The case spotlights the chaotic management at many of China’s privately-owned asset management companies (AMCs) that were meant to specialize in recovering bad loans at the regional level. But some of those expanded into more-lucrative businesses outside that core area, such as lending to property developers. 

China’s bad asset management industry is still dominated by four major state-owned firms. But in an effort to foster bad-asset cleanup at the regional level, the sector was opened to provincial-government-backed and some privately owned AMCs.

The Supreme Court’s decision will make Jilin Financial Assets the first of over 60 AMCs in China to be dissolved after a years-long dispute between its two shareholders. 

Hongyun Group Co. Ltd., a privately-owned port conglomerate, held 80% of Jilin Financial Assets when it was set up in 2015 with 1 billion yuan in registered capital. State-owned Jilin Financial Holding Group Co. Ltd. held the other 20%.

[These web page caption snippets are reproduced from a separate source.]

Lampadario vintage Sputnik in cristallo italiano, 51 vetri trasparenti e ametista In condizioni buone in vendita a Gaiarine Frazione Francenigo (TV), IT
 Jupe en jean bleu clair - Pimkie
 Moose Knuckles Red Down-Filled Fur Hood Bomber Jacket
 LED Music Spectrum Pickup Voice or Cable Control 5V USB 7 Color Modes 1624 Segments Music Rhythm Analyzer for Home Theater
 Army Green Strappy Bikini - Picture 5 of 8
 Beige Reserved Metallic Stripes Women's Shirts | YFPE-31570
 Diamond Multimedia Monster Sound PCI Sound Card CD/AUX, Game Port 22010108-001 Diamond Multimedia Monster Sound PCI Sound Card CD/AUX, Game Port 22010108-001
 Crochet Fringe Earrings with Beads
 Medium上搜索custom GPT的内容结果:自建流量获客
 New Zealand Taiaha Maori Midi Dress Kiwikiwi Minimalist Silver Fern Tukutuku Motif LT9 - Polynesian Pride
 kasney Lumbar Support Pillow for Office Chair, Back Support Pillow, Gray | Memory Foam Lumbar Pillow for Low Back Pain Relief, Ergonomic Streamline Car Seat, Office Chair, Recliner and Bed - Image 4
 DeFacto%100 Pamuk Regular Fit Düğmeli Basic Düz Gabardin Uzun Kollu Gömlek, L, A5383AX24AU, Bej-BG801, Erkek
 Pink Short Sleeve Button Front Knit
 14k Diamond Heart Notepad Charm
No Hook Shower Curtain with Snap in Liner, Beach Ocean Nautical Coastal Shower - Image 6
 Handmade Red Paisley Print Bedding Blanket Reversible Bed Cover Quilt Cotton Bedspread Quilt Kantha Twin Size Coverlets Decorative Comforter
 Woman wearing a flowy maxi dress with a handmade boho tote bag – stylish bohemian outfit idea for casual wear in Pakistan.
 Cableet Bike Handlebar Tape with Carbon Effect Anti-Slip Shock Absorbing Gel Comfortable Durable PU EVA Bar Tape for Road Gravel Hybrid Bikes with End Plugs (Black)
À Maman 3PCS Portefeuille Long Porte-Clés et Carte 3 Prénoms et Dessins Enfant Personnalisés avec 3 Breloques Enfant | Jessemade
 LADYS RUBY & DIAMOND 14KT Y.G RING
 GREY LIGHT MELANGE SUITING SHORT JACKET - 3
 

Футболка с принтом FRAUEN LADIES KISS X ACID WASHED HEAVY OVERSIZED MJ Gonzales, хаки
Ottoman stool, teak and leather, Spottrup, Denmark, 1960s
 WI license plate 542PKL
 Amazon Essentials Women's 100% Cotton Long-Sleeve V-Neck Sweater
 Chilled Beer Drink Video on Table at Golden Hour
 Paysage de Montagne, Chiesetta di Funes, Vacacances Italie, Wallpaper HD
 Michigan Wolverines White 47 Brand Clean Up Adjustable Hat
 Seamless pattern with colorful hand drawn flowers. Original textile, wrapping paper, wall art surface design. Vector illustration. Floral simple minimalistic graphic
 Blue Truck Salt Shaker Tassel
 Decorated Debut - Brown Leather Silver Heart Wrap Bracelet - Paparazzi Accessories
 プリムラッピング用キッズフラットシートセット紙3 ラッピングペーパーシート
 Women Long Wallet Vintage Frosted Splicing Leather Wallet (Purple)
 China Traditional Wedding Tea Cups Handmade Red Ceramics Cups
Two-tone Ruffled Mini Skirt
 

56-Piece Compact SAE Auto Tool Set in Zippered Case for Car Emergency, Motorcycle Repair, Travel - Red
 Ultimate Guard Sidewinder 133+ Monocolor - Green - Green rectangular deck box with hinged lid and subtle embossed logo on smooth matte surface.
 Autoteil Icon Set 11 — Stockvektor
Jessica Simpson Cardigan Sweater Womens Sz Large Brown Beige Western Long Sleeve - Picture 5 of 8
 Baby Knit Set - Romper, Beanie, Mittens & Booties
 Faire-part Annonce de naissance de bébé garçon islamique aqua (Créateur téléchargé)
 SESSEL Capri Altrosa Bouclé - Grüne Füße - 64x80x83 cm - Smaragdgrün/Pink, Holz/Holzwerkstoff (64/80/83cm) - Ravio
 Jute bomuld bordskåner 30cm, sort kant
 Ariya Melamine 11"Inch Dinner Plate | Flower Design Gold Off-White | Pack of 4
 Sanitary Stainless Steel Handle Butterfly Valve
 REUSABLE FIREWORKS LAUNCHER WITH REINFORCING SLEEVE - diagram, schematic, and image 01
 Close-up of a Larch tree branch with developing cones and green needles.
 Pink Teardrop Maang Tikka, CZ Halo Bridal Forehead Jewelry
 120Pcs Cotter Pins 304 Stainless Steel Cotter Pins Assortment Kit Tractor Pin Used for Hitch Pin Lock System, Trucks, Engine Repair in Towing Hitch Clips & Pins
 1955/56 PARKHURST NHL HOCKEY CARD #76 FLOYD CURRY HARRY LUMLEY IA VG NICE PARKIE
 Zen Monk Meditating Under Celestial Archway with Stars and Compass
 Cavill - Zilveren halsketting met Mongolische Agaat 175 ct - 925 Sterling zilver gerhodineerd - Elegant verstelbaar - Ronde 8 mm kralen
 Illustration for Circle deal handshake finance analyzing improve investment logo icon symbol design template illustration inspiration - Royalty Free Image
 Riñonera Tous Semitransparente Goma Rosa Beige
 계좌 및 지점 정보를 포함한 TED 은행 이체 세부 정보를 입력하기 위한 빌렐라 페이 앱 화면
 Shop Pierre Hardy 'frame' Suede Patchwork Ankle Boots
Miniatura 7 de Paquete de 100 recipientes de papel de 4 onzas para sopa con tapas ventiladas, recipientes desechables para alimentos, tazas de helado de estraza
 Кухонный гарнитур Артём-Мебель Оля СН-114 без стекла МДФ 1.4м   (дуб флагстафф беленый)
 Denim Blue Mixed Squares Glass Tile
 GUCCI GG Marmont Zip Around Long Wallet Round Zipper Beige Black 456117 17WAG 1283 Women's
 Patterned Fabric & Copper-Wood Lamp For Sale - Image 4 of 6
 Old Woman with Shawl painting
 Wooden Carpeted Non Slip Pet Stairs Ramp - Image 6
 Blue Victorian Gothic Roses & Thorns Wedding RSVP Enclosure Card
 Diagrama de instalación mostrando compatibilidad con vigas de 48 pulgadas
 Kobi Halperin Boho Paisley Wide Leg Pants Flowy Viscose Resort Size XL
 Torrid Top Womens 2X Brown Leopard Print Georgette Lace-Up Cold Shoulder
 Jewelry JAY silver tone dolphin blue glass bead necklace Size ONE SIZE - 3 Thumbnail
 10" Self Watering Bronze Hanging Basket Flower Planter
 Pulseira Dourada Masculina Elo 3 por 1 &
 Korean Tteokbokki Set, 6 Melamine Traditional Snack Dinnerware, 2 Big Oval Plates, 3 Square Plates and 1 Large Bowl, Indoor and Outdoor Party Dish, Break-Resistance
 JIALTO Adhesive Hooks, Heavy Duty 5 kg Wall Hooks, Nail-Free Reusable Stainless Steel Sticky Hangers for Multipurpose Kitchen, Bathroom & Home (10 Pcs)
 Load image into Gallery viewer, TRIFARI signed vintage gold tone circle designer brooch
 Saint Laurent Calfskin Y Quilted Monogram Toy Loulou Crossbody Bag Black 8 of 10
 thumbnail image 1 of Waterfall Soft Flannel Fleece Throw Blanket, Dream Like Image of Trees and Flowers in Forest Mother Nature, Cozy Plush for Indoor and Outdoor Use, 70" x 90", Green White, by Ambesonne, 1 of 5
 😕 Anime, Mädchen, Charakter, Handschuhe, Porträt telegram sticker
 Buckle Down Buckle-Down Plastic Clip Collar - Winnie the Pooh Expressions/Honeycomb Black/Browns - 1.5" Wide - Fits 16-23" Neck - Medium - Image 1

A few months after its establishment, Hongyun lent 965 million yuan of the AMC’s funds to several of its affiliates without approval from the AMC’s shareholders or board. Hongyun also used its shares in the AMC as collateral for 800 million yuan in fund-raising.

In October 2017, Jilin Financial Holding Group sued the AMC and Hongyun for poor management. The state-owned minority shareholder said the AMC “suffered from operational difficulties and an inflated compliance structure under the Hongyun’s control.”

In January 2018, the Changchun Intermediate People’s Court ruled the AMC should be dissolved after the two shareholders failed to settle their dispute despite several attempts at an equity transfer and boosting the company’s registered capital. In January 2019, the Jilin Province High People's Court upheld the decision after the AMC and the shareholder filed an appeal against the original ruling.

In its final ruling, the Supreme Court said that Hongyun had not recovered the 965 million yuan loan before the end of 2015 as the AMC had previously guaranteed.

That meant the AMC’s “main business of acquiring and disposing of non-performing assets could not be carried out normally,” the Supreme Court said. “The purpose of the establishment of the company was also frustrated. Serious difficulties have occurred in the operation of the company.”

The court added that allowing the company to continue operating would only lead to Hongyun’s future making of unilateral decisions due to its dominant position, which would harm the interests of the minority shareholder.